「リノベーション」は、システムをリノベートできるか
「東京R不動産」で知られる建築家・馬場正尊氏による「公共空間のリノベーション」をテーマとしたマニフェスト的な作品集+事例集+アイディア集である。
「マニフェスト的な作品集+事例集+アイディア集」と少々説明的に書いたのは、本書の構成が読者にとって難しいと感じられるかも知れない、と感じられたからである。まず第一に、作品集をベースにしたマニフェストかと思いきや、自分以外の作品も先進事例として含まれている点。そして第二に、事例集かと思うとアイディアスケッチが並列されていて、現行の制度下では実現不可能なものも含まれている点である。

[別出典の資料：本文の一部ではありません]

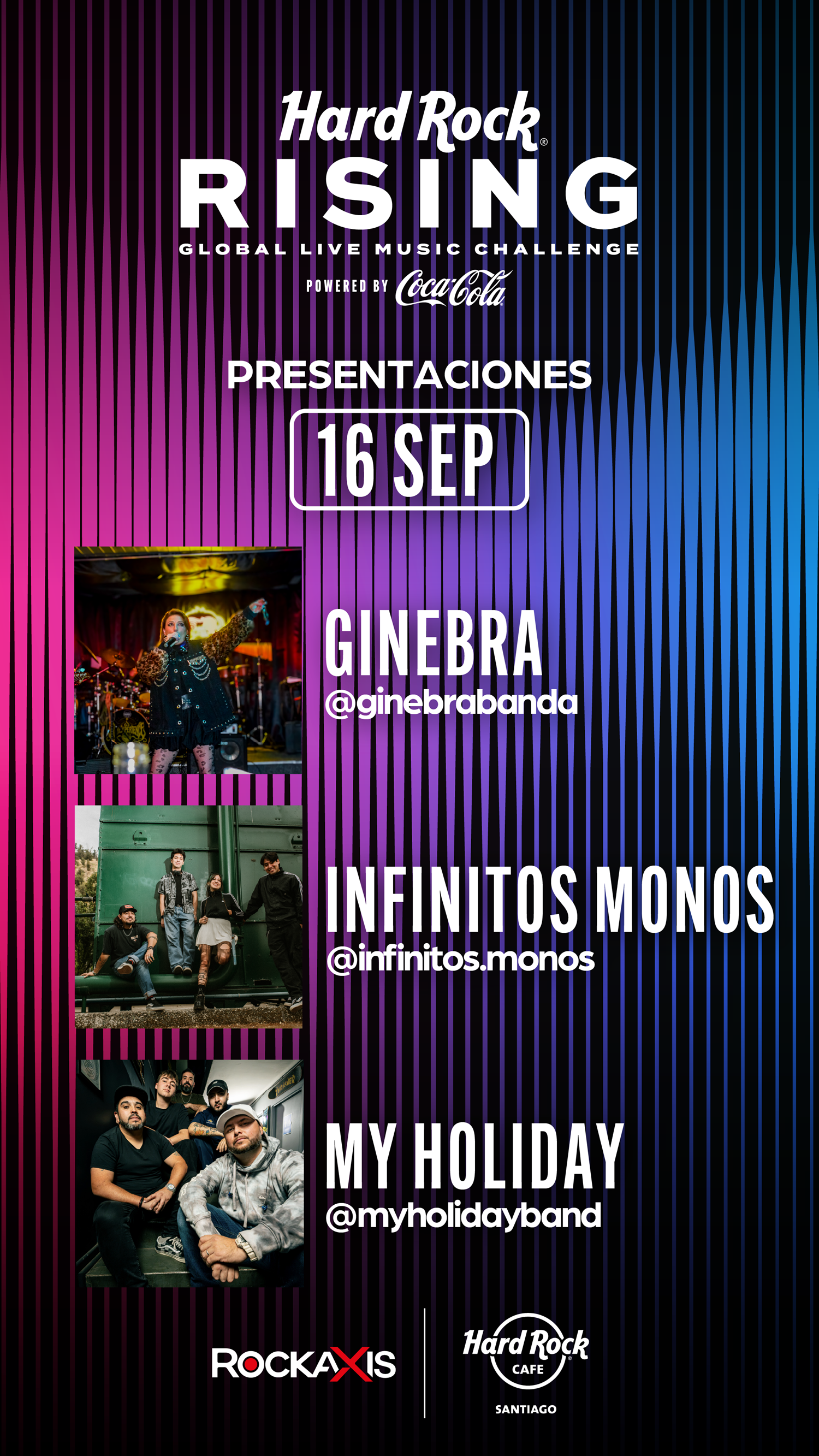 Hard Rock Rising Santiago 20206: Revelan el calendario oficial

建築家によっては自らが設計した竣工作品以外はプレゼンテーションしない、という規範意識を持つ人もおり、建築系の読者はそのような規範に親しんでいるところもあるので、本書は自らの作品を含んだマニフェスト的な事例集であり、アイディア集であるから、他の建築家が出版するいわゆる「作品集」的な書籍とは少々異なる読み方を要求する点に注意が必要かもしれない(その点では山崎亮氏の『コミュニティデザイン』は自らの事例に限り、しかも実現したものばかりであるので、実は作品集のように読むことができる)。つまり本書は馬場氏の作品集というよりも、「実現できるかわからないが、こういう事例をもとにすると実現できるかも知れませんよ」という、いわゆる「企画書」的な書籍である、と理解するとわりとすんなり読める。そしてそれが本書の特徴でもある。

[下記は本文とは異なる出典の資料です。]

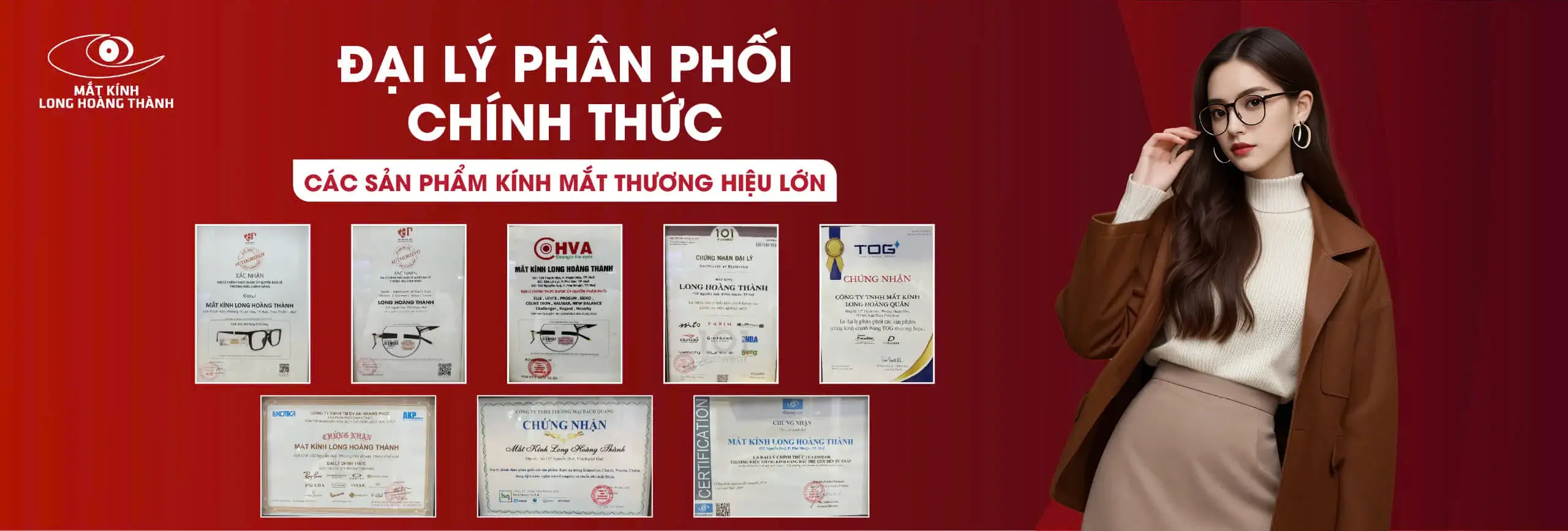 Địa chỉ mua gọng kính cận nam nữ đẹp, uy tín tại Huế - Mắt kính Long Hoàng Thành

さらに本書を特徴付けているのは、既存建築物の増改築(いわゆる「リノベーション」)事例だけが掲載されているわけではなく、「アオーレ長岡」や「名護市庁舎」のような新築の事例も並列されており、制度や概念、組織などのような社会のシステムを「リノベート」することが含まれている点であろう。そこには馬場氏による既刊『都市をリノベーション』などで展開されてきた馬場流の概念の拡張が含まれている。
既存の建築物やシステムを前提としてそれらへの上書きを主題とするというロールモデルは、世代的なものもあるだろう。かつて塚本由晴氏と貝島桃代氏による「トーキョー・リサイクル計画──作る都市から使う都市へ」(『10+1』No.21所収)も「都市をリサイクル」すると宣言していた。同論考には東京都の公共施設のリストが含まれているなど、今日でいう公共施設マネジメントのような具体的な視点も含まれていたが、基本的には官僚組織からも、商業主義からも自由な立場で都市空間の可能性を謳う姿勢が強調されていた。

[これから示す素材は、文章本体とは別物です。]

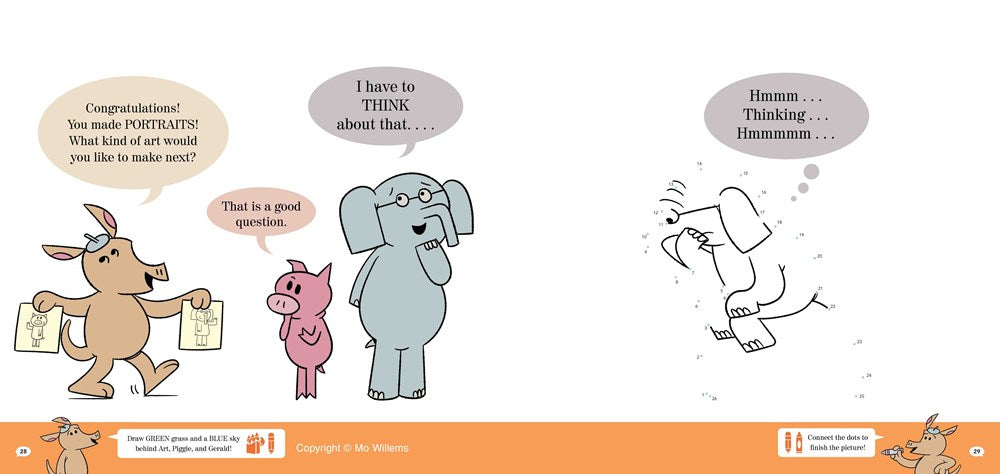 We Are in an ARTivity Book! (An Elephant and Piggie Book)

馬場氏やアトリエ・ワンの書籍を読むと、磯崎新氏の『建築の解体』と比較したくなる。磯崎氏は世界中の同時代的な動きを精力的に紹介しながら、既存のレガシー(遺産)システムを「解体」しようとした。「解体」にせよ、「リサイクル」にせよ、「リノベーション」にせよ、言葉は違うが、既存のシステムを否定し、新しいシステムの到来を高らかに宣言しているという構成には共通点がある。
もちろん、それに伴う強さと同時に、弱さもある。強さは発想の自由さ、弱さは実行力であろう。だがその弱さ、ナイーブさも、かつてのル・コルビュジエや磯崎がそうだったように、次第にキャリアが追いついていくことで解消されていく。いつしかアイディアは実現し、自らの事例が増え、「企画書」はいつか「作品集」へと変わっていくのである。本書は両者の中間点にあるのではないかと思う。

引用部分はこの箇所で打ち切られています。